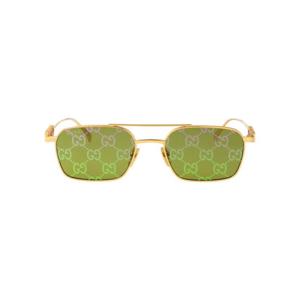 구찌 선글라스 GG1804S 002 GOLD GOLD GREEN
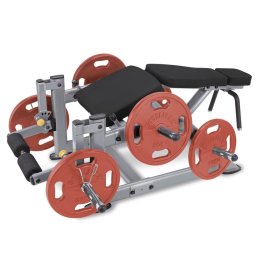 Aparat picioare Steelflex PlateLoad PLLC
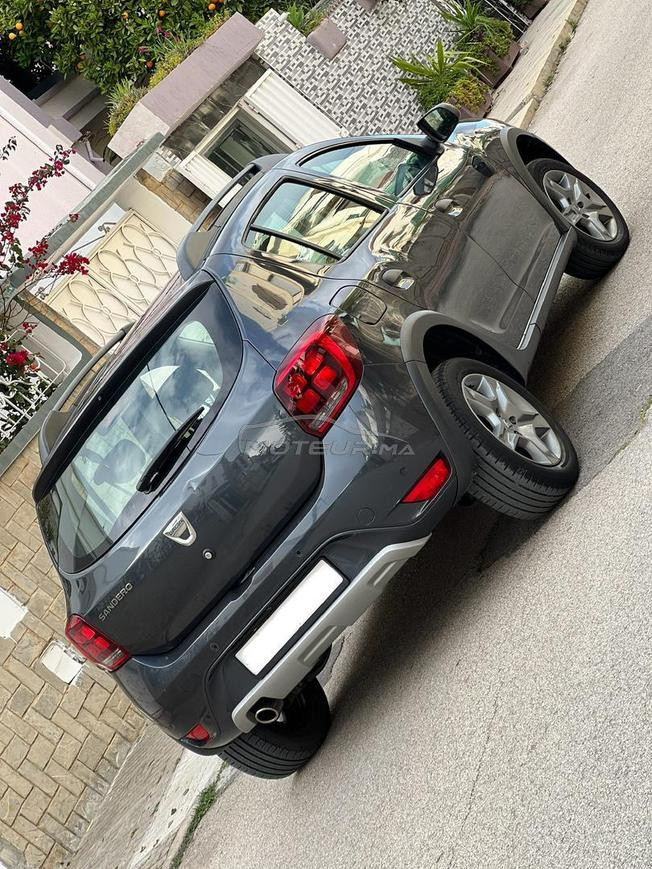 Dacia Sandero stepway 2021 à Tétouan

## Brief
Print out the whole of the material word for word, without pictures.

## Task answer
 구찌 선글라스 GG1804S 002 GOLD GOLD GREEN
 Aparat picioare Steelflex PlateLoad PLLC
 Dacia Sandero stepway 2021 à Tétouan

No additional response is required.